Beneath the difference between physical and emotional labor there lies a similarity in the possible cost of doing the work: the worker can become estranged or alienated from an aspect of self—either the body or the margins of the soul-that is used to do the work. The factory boy's arm functioned like a piece of machinery used to produce wallpaper. His employer, regarding that arm as an instrument, claimed control over its speed and motions. In this situation, what was the relation between the boy's arm and his mind? Was his arm in any meaningful sense his own?
This is an old issue, but as the comparison with airline attendants suggests, it is still very much alive. If we can become alienated from goods in a goods-producing society, we can become alienated from service in a service-producing society. This is what C. Wright Mills, one of our keenest social observers, meant when he wrote in 1956, "We need to characterize American society of the mid-twentieth century in more psychological terms, for now the problems that concern us most border on the psychiatric."

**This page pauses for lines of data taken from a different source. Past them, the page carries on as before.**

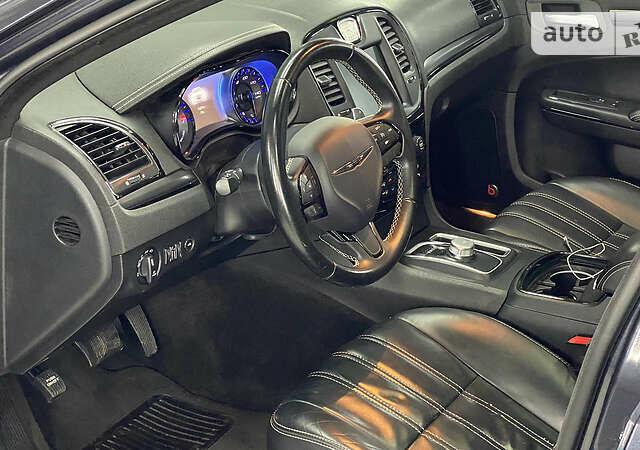 Серый Крайслер 300 S, объемом двигателя 3.6 л и пробегом 108 тыс. км за 14500 $, фото 17 на Automoto.ua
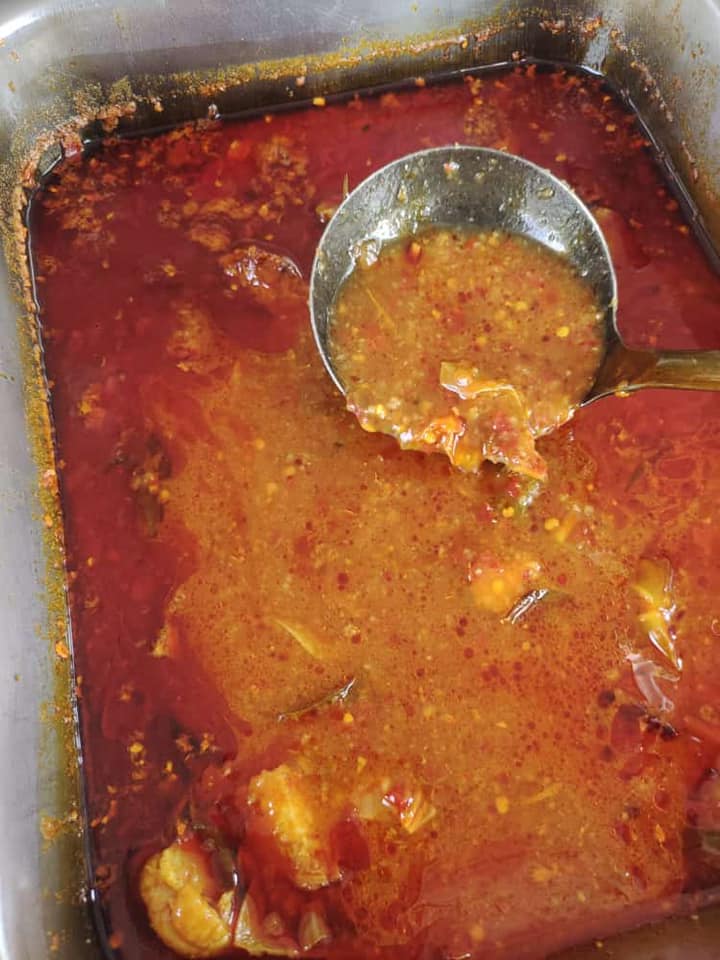 Asam Pedas Ayam Menantu Hantu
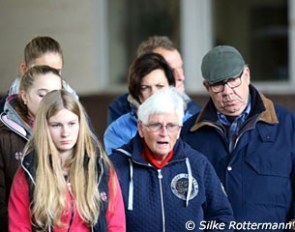 Dr. Juliette Mallison and Friedhelm Petry watching Stefan Stammer work with a horse.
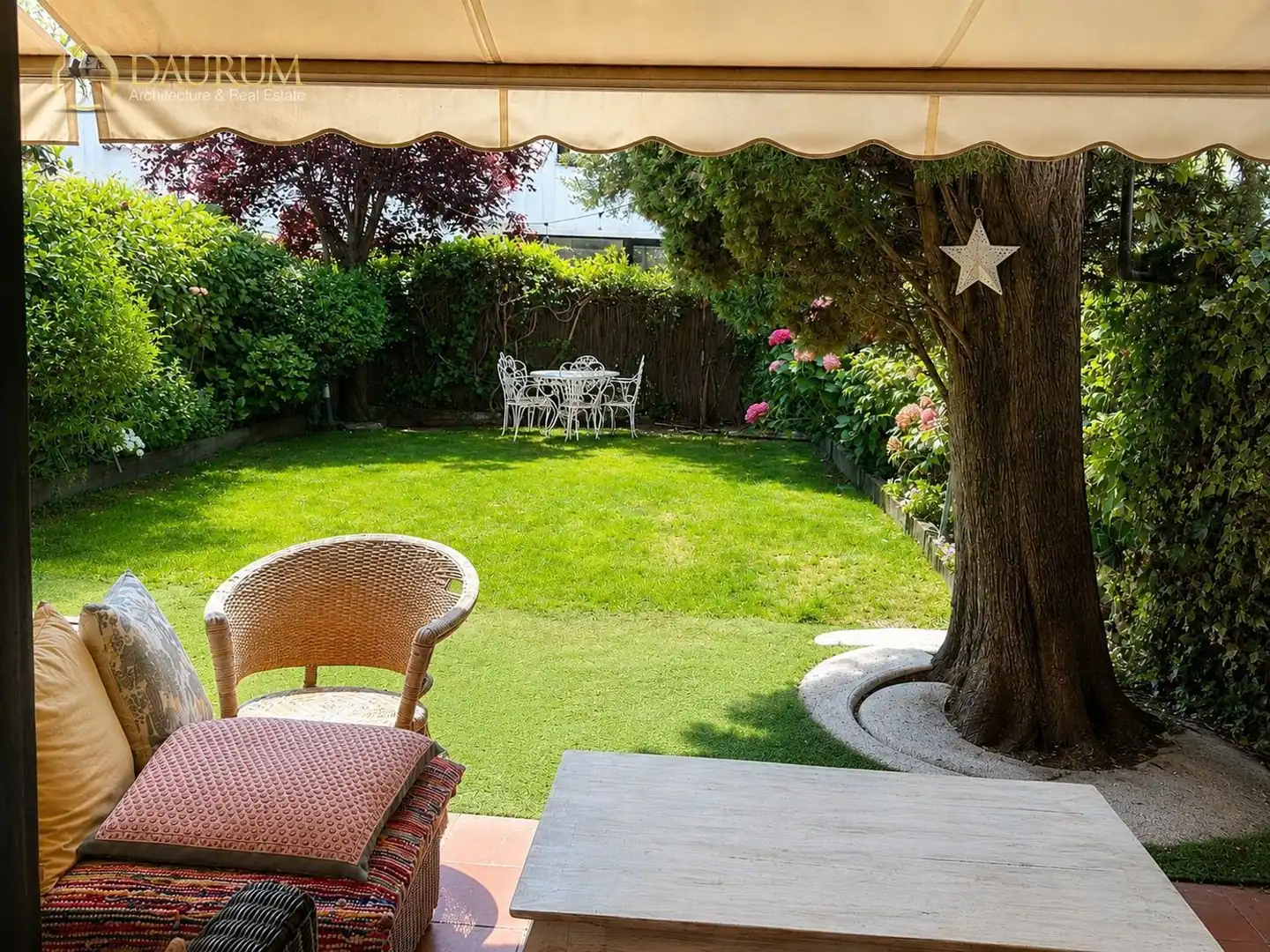 Maison mitoyenne avec piscine à vendre à Dalia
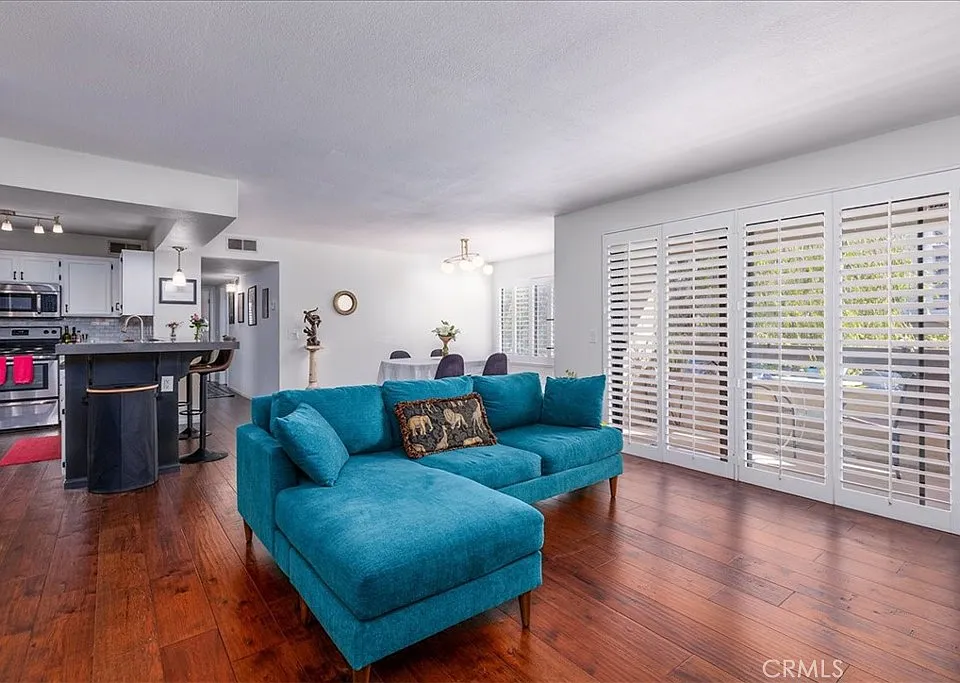 3930 Centre St #107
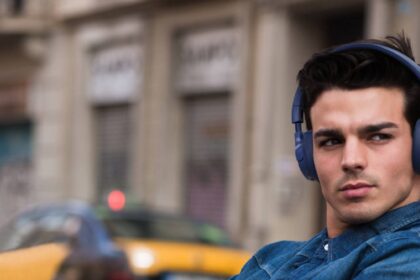 noise cancelling headphones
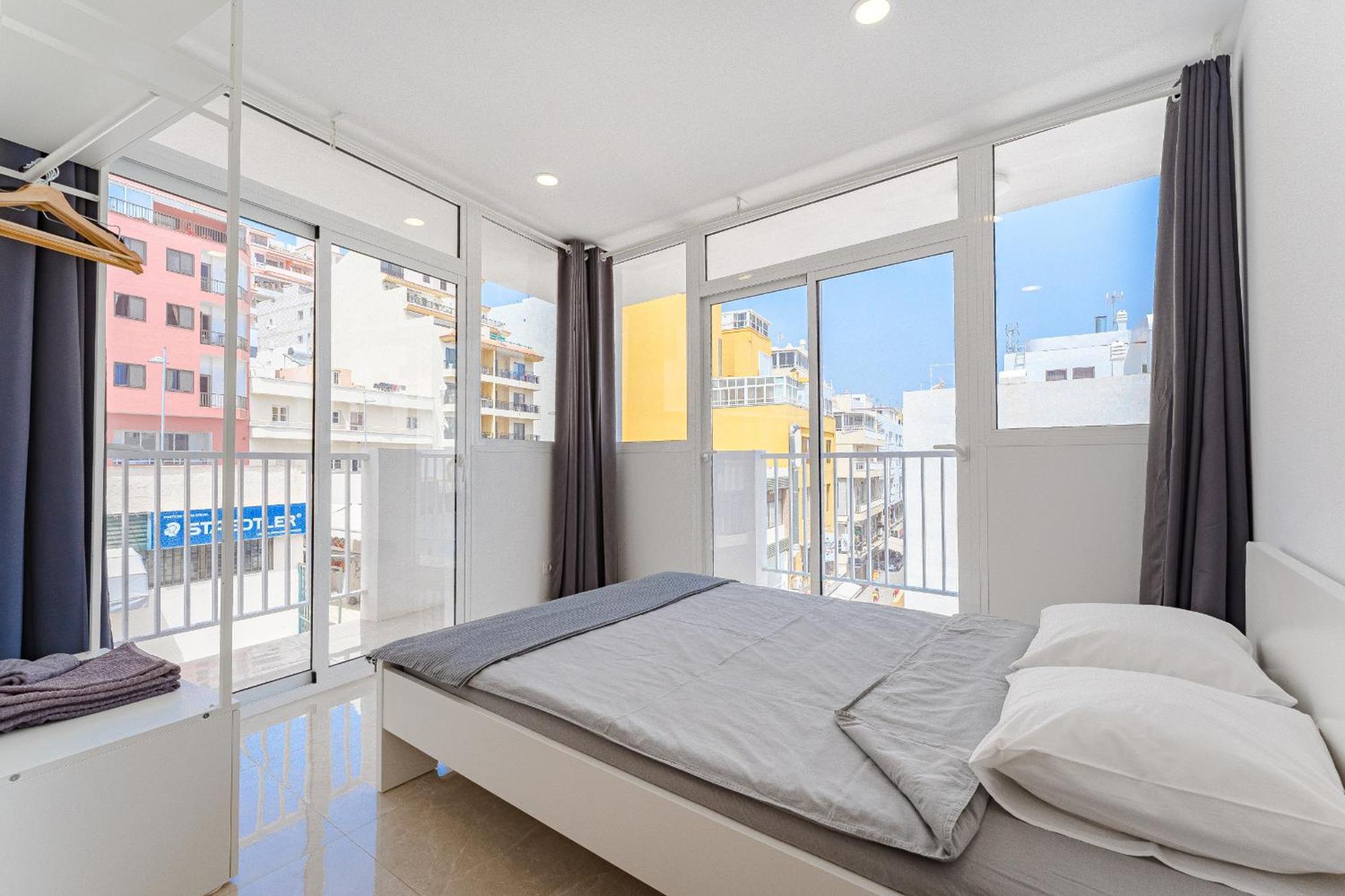Few Steps From The Beach Hostel In Los Cristianos Arona (Tenerife) Exterior foto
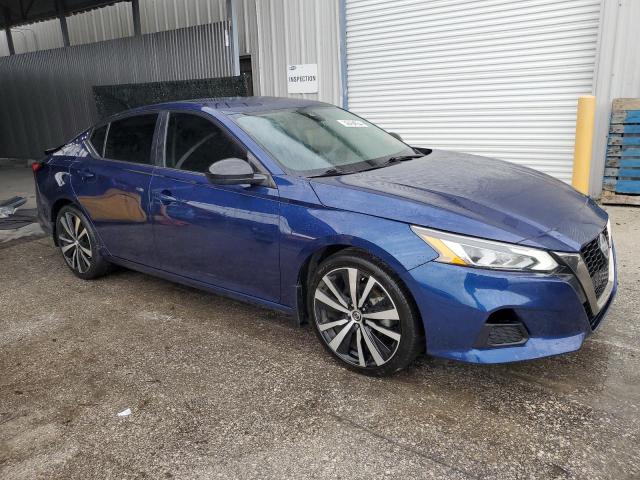 1N4BL4CV0LC268246 - 2020 NISSAN ALTIMA SR BLUE photo 4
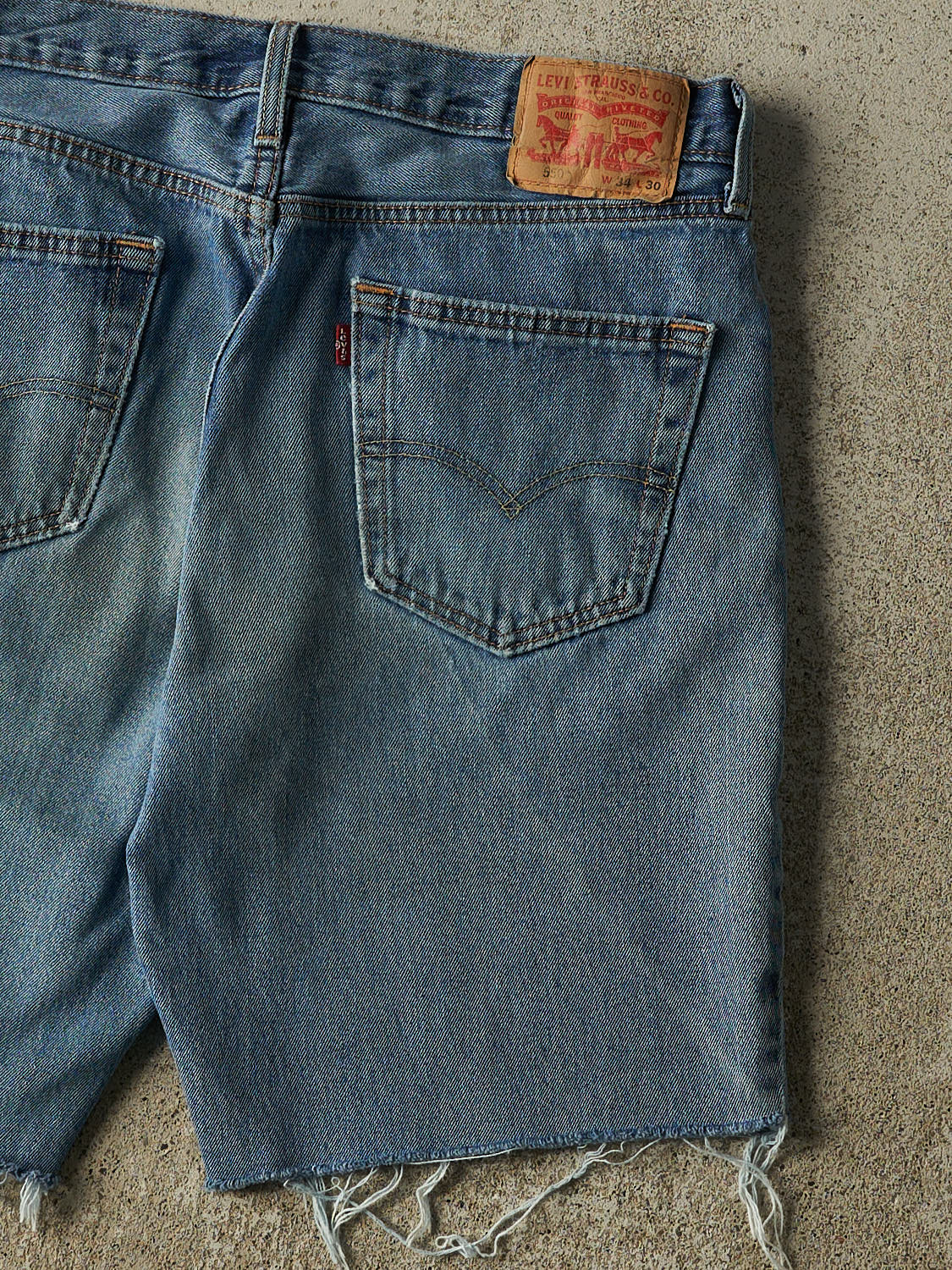 Vintage Y2K Mid Wash Levi's 550 Cut Off Jean Shorts (34x9)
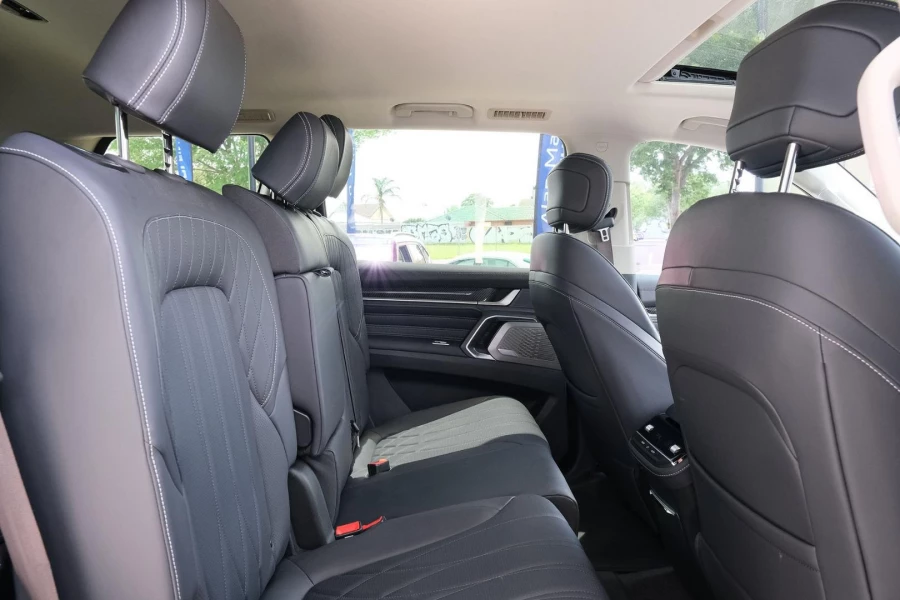2025 LDV D90 SV9A Executive SUV Image 13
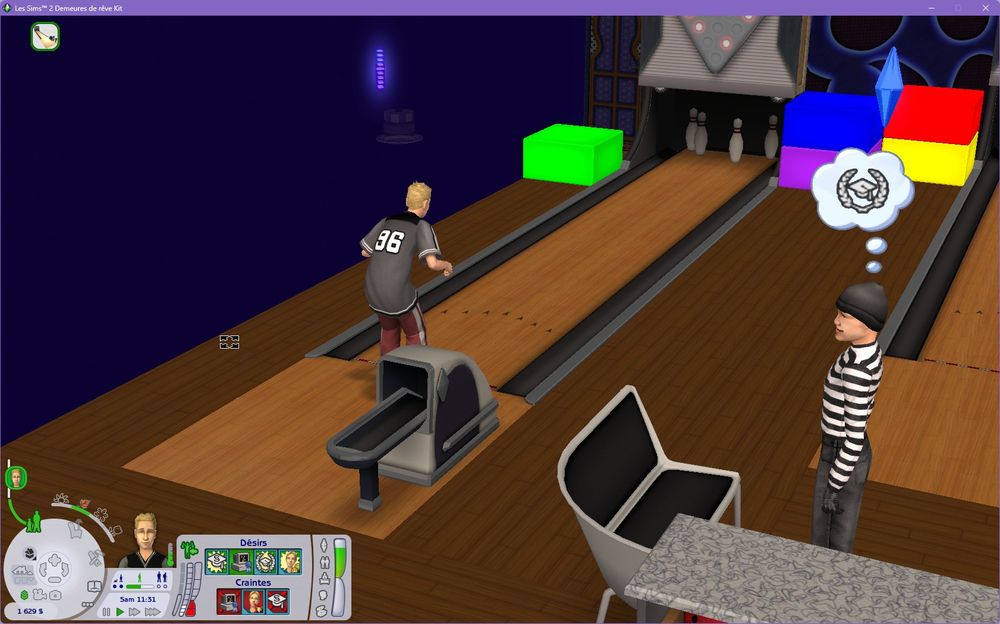 Kevin qui se prépare a faire son meilleure spare au bowling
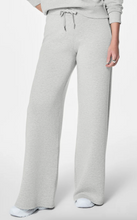 Load image into Gallery viewer, Spanx Airessential Shimmer Wide Leg Pant Light Grey Heather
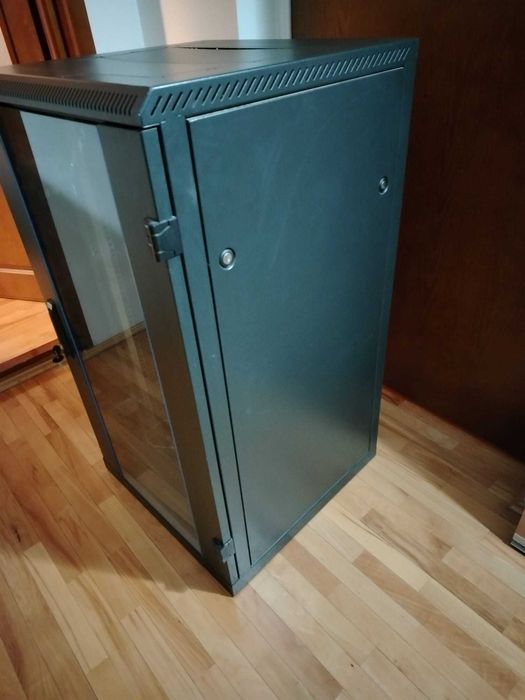 Rack server 19" BKT Elektronik 22U, cabinet complet cu chei, nefolosit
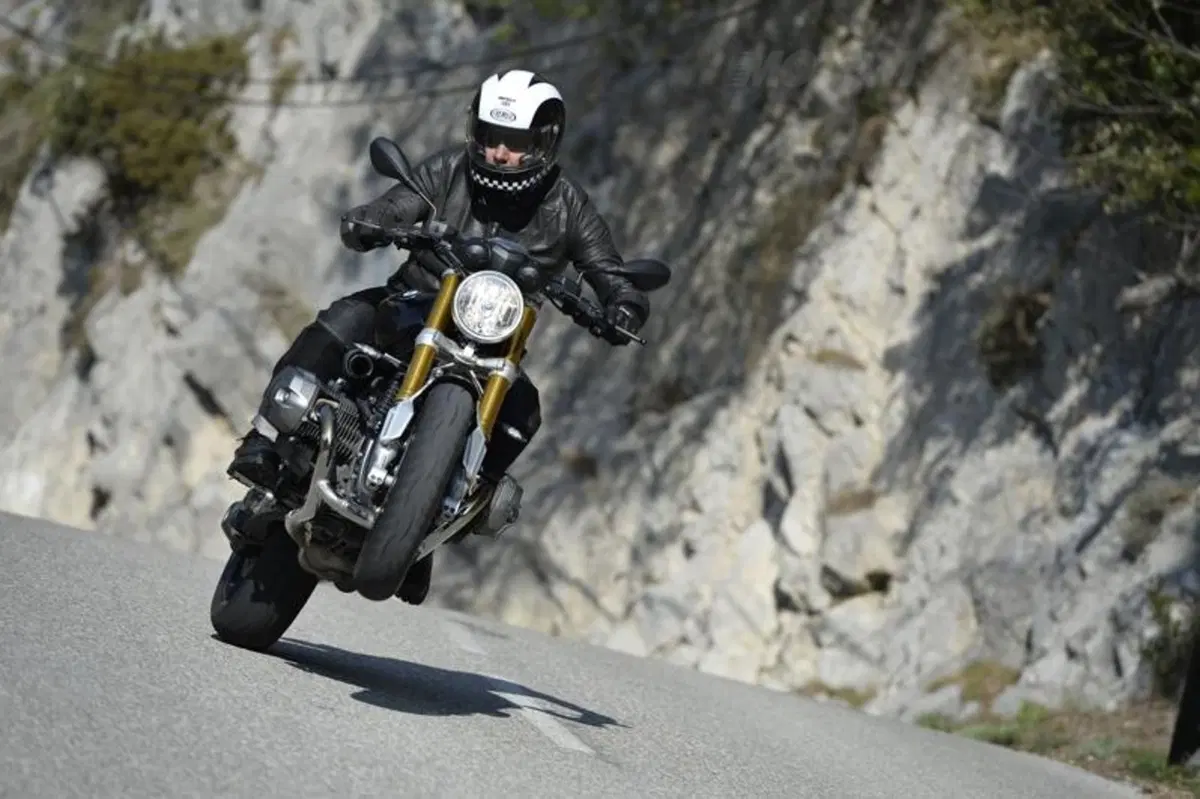 BMW R nineT  (3)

When she came off the job, what relation had the flight attendant to the "artificial elation" she had induced on the job? In what sense was it her own elation on the job? The company lays claim not simply to her physical motions—how she handles food trays—but to her emotional actions and the way they show in the ease of a smile. The workers I talked to often spoke of their smiles as being on them but not of them. They were seen as an extension of the make-up, the uniform, the recorded music, the soothing pastel colors of the airplane decor, and the daytime drinks, which taken together orchestrate the mood of the passengers. The final commodity is not a certain number of smiles to be counted like rolls of wallpaper. For the flight attendant, the smiles are a part of her work, a part that requires her to coordinate self and feeling so that the work seems to be effortless. To show that the enjoyment takes effort is to do the job poorly. Similarly, part of the job is to disguise fatigue and irritation, for otherwise the labor would show in an unseemly way, and the product—passenger contentment—would be damaged. Because it is easier to disguise fatigue and irritation if they can be banished altogether, at least for brief periods, this feat calls for emotional labor.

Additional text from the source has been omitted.